Consultant vedette de TNT depuis 1998, Kenny Smith côtoie le gratin de la Grande Ligue au quotidien depuis plus de deux décennies. Mais, en tant que joueur, il a aussi des valises de bonnes anecdotes à partager, à commencer par son passage dans son « alma mater » de North Carolina.
Lycéen star à New York au début des années 1980, Kenny Smith avait le choix pour la case universitaire à suivre, après avoir été nommé McDonald’s All American en 1983.
Michael Jordan sans dribble
« J’avais des offres de Duke et de Virginia mais quand j’ai vu qui ils avaient déjà dans l’équipe, je me suis dit que je devais aller [à North Carolina] », raconte Kenny Smith dans le podcast Up The Smoke. « J’ai fait mon choix quand je suis allé à un de leurs entraînements.
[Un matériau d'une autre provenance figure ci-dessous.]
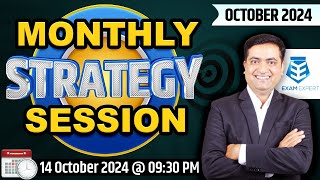 Monthly Strategy Session Hindi  October 2024  Aakash Jadhav [upl. by Munson]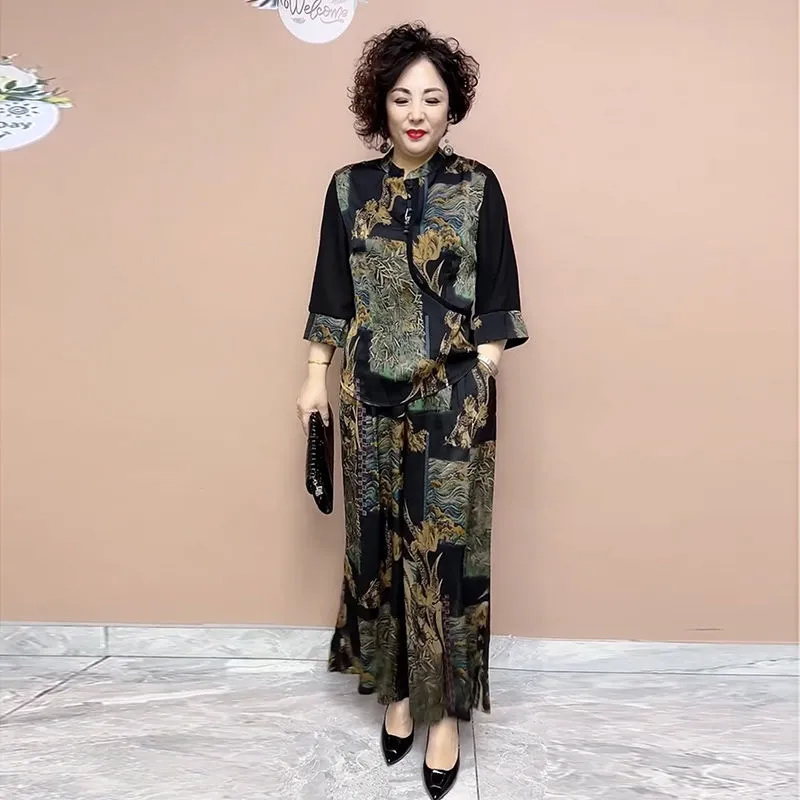 女性用ワイドレッグパンツセット,ルーズフィット,レディースフ - New Ethnic Fashion のレビューと価格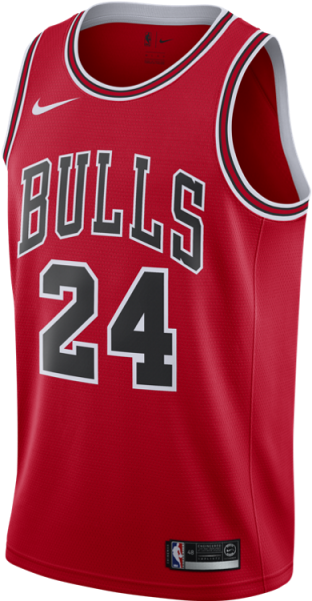 Download Chicago Bulls24 Jersey Red | Wallpapers.com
Il y avait Sam Perkins, Brad Daugherty, Michael Jordan. Au début, j’étais nerveux et je ne savais pas si je pourrais jouer avec eux. Je n’avais jamais vu de joueurs de 2m13 comme les leurs. Mais je ne pouvais pas choisir une autre université sachant qu’ils allaient nous battre. J’ai fini par y aller. Et j’étais un des premiers freshmen à être titulaire. À l’époque, c’était rare, maintenant, c’est presque la norme. »
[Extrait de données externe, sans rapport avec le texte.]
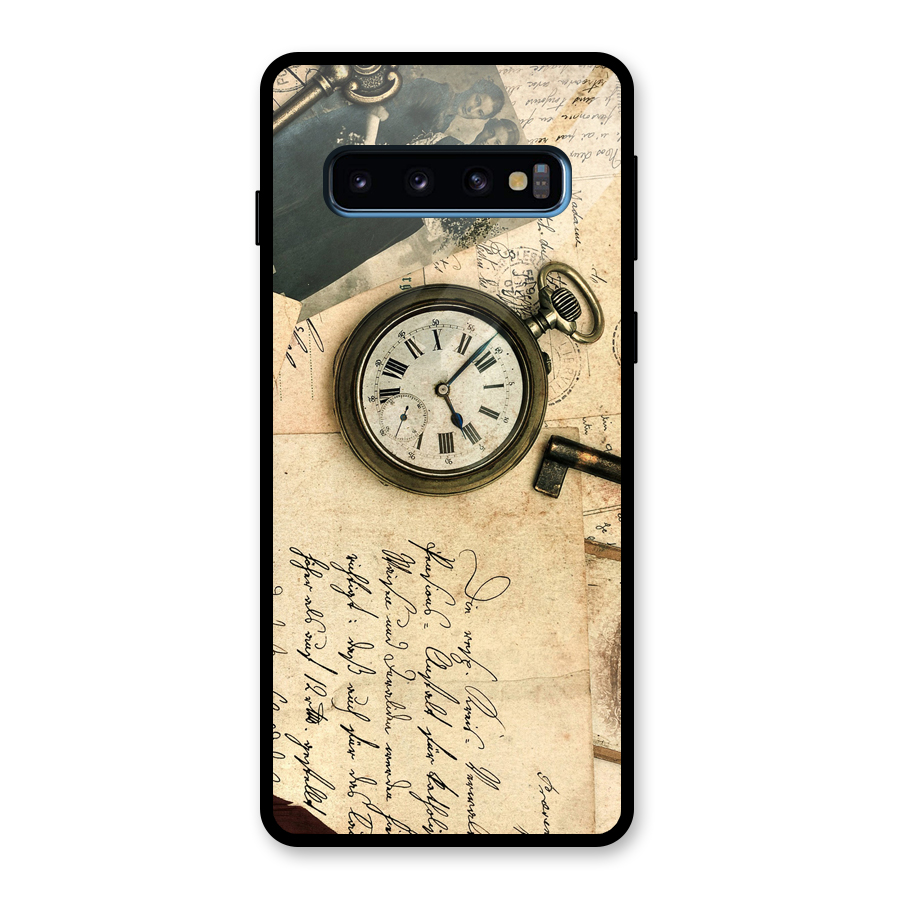 Vintage Post Cards Glass Back Case for Galaxy S10
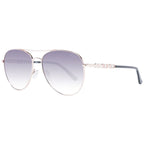 Guess Rose Gold Metal Sunglasses - Zeiniez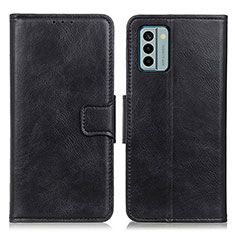 Leather Case Stands Flip Cover Holder M09L for Nokia G22 Black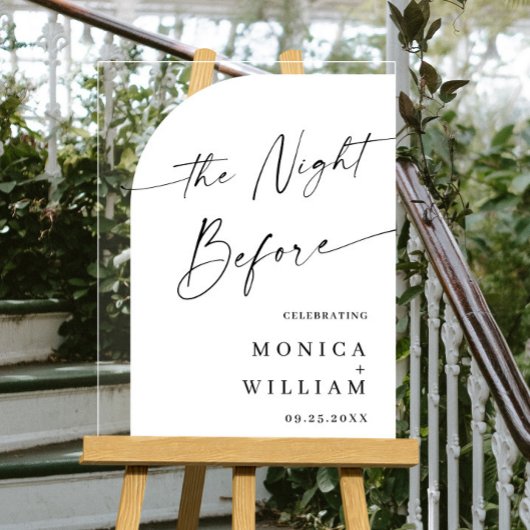 Elegant Minimalistisch WELKOM repetitie diner Acryl Bord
Logiquement impressionné par le niveau de talent de l’effectif des Tar Heels, Kenny Smith n’a cependant pas tardé à se faire sa place sur le campus de Chapel Hill. Il a en l’occurrence rapidement ciblé la faiblesse de Michael Jordan à l’époque : son dribble. Sa tenue de balle en général.
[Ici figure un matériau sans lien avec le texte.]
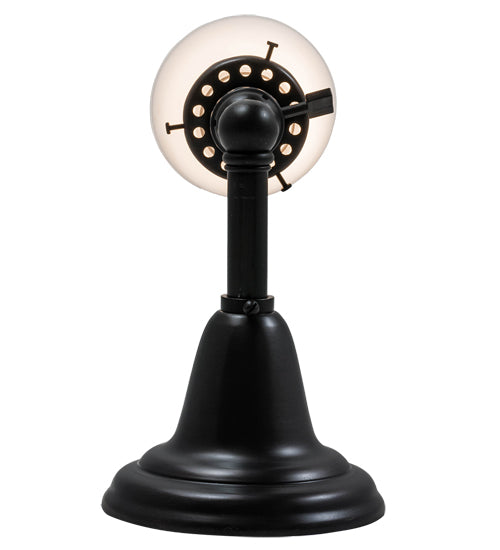 Meyda Lighting Revival 5" Craftsman Brown Goblet Wall Sconce With Opal White Shade Glass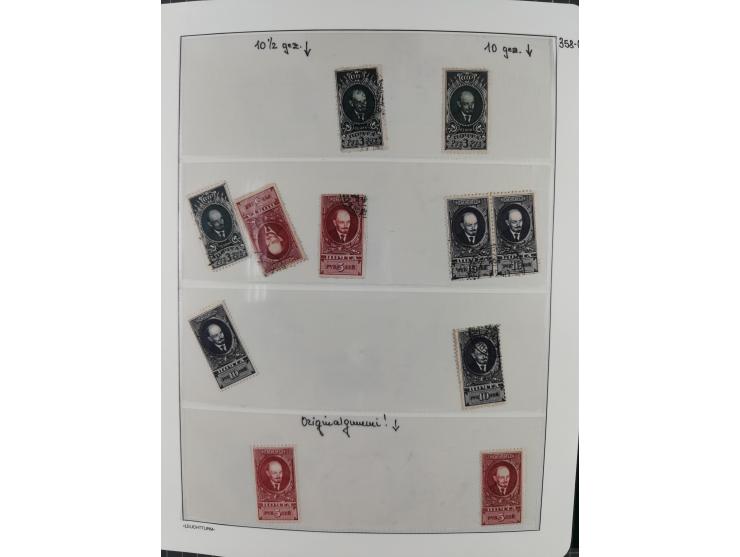 1923/64 (ca.), extensive mint never hinged/unused and used collection, incl. Control Exchange Stamps, some duplicates and bet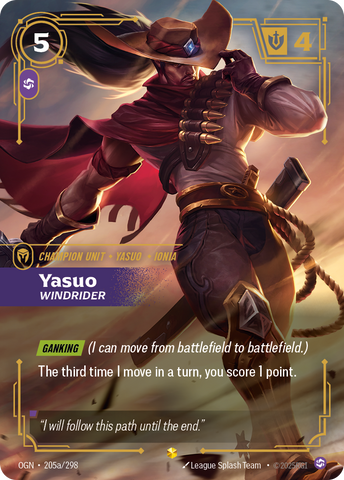 Yasuo - Windrider (Alternate Art) - 205 - [OGN]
Un talon d’Achille bientôt renforcé pour être une arme de plus dans l’arsenal de celui qui deviendra « His Airness ».
« Sam Perkins était le meilleur joueur lors de ma première année. Il avait été All-American trois fois de suite, un truc qui n’arriverait plus aujourd’hui. Michael Jordan était le joueur le plus dynamique mais Sam était le meilleur joueur. Car MJ n’arrivait pas bien à maîtriser son dribble. À l’époque, je me souviens, je voulais défendre contre lui sur les petits matchs d’entraînement, car je savais que j’allais l’embêter sur son dribble. Il se marrait en me voyant : ‘Ah, toi, tu penses que tu peux défendre sur moi’. Et moi, je lui répondais que ce serait facile car son dribble était pourri ! On se chauffait tout le temps. Mais il est ensuite parti aux Jeux Olympiques (de 1984). Puis, il est drafté et il a fait sa saison NBA. Et l’été suivant, il revient à North Carolina, comme tous les gars le font encore. La salle est remplie et il y a du talent au mètre carré, on aurait pu battre n’importe quelle équipe NBA ! Sans aucun doute. Mais je vois MJ qui dribble à côté de moi. Il me dit : ‘J’ai bossé mon dribble au fait !’ Moi, j’avais oublié ce que je lui avais dit ! [rires] C’est le seul gars duquel je peux dire qu’il a fait de chacune des faiblesses, qu’il avait en début de carrière, des forces en fin de carrière. »
« School is in session »
Devenu star planétaire avec ses premiers titres glanés au début des années 1990, Michael Jordan récoltait enfin les fruits d’un travail acharné. Le compétiteur forcené qui voulait rester sur le terrain coûte que coûte durant les entraînements à UNC s’est peu à peu transformé en machine à gagner en NBA. Toujours avec la langue bien pendue.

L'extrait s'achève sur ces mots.